Mike Munger: Recycling is diverting garbage from the waste stream because it has a resource value. Now, if you're saying that what we'd like to do is reduce the amount of the waste stream, that's a different thing. Recycling is very specifically diverting things from the waste stream. If you wanted to have laws about reducing packaging or something about making the amount of waste smaller, that's not recycling. If we're going to talk just about recycling, it's diverting stuff from the waste stream into some alternative use. Then, the default is that has to use less energy and less human time than it would to put it into a landfill.

One of my favorite examples of recycling, is the fact that recyclers value clean glass much more than they do glass, or plastic for that matter, that has food residue. If you're a good person, you will make sure and clean all of the glass and plastic before you put it into your recycling bin. I pointed out to this public relations person that's a lot of hot water and time, and time is the one resource we can never get more of. So, you want human beings to waste their precious time by cleaning out jars before they put it into the recycle container.

Again, she gave me a great quote:

"Ah, Well, they can just put it in the dishwasher.”

"Let me make sure I've got this right. You want people to run their mayonnaise jars through the dishwasher?"

Her answer was:

”Yes because it's much easier to recycle them”

Notice that they're assuming what needs to be proved. The question, “Is this environmentally and economically wise to try to have this as a resource and reuse it, or should we just throw it away?”

They're assuming we should not throw it away. The question is, how can we make it the most valuable?

When I lived in Chile they had just opened up a recycling facility in Vitacura, which was a wealthy part of Santiago de Chile. In order to get there, you had to drive up and they had a bunch of bins where you could put plastic, glass. I counted there was a 15- to 20-minute wait of people in line in their cars with their engines running so they could put 2-liter bottles into the recycling container.

It was 20 minutes of their time and probably a tenth of a gallon of gas turned into carbon in the atmosphere so that they could put two bottles into the recycling.
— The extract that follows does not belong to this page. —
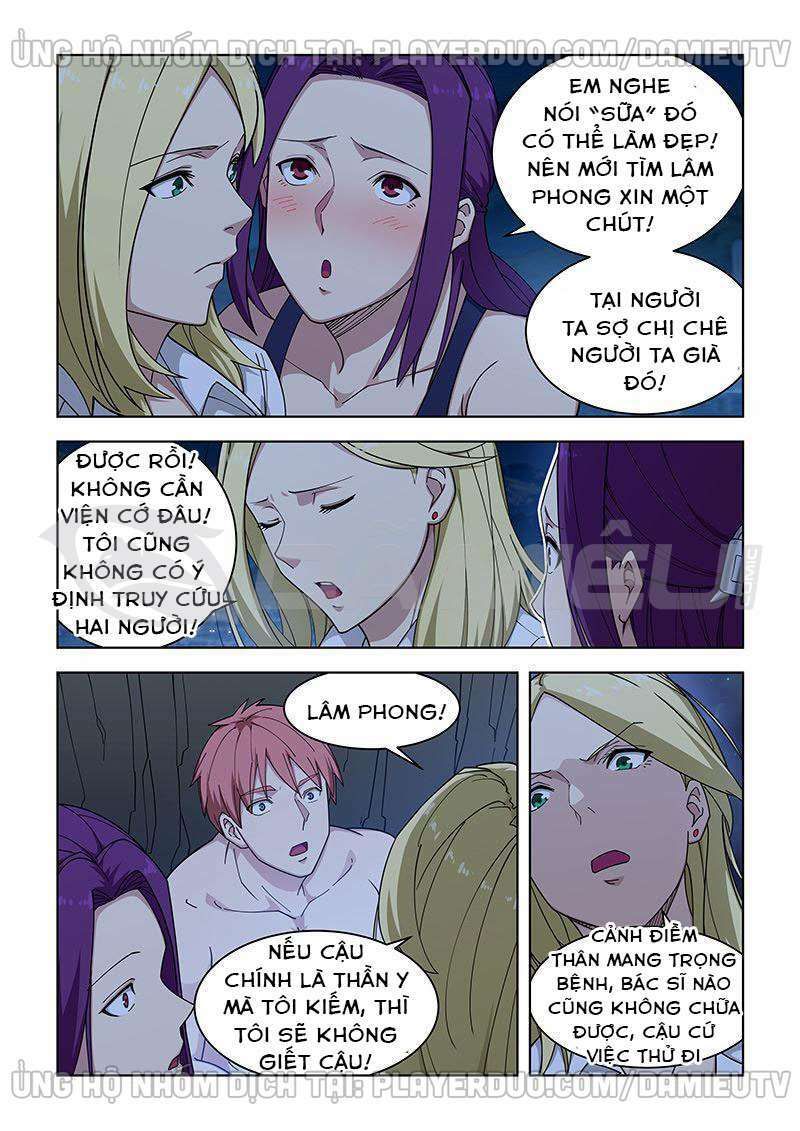 đọc truyện Đào Hoa Bảo Điển Chương 363 ảnh 6 tại Thiên Thai Truyện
I'm Catholic – I realized what this was. This was a religious ceremony. Instead of getting the host, you put the sacred material into the recycling container. I think that was the clearest example that I've ever seen that this is a religious ceremony.

Bob Zadek: Michael, we're coming to the end of our show. We end where we began, with Frédéric Bastiat and the unseen. The engines burning, the CO2 going into the air, the carbon particulate going into the air is the classic Frédéric Bastiat's unseen. How miraculous. We have gone full circle in exactly the right amount of time. You should be a producer of a talk radio show, Michael. We've been speaking with Professor Mike Munger, who can be followed on Twitter at @mungowitz.

His most recent book, Is Capitalism Sustainable?, is available at Amazon. Mike's writing can be followed at aier.org. Mike, I know your time is valuable and I and my audience greatly appreciate the hour you've given us today.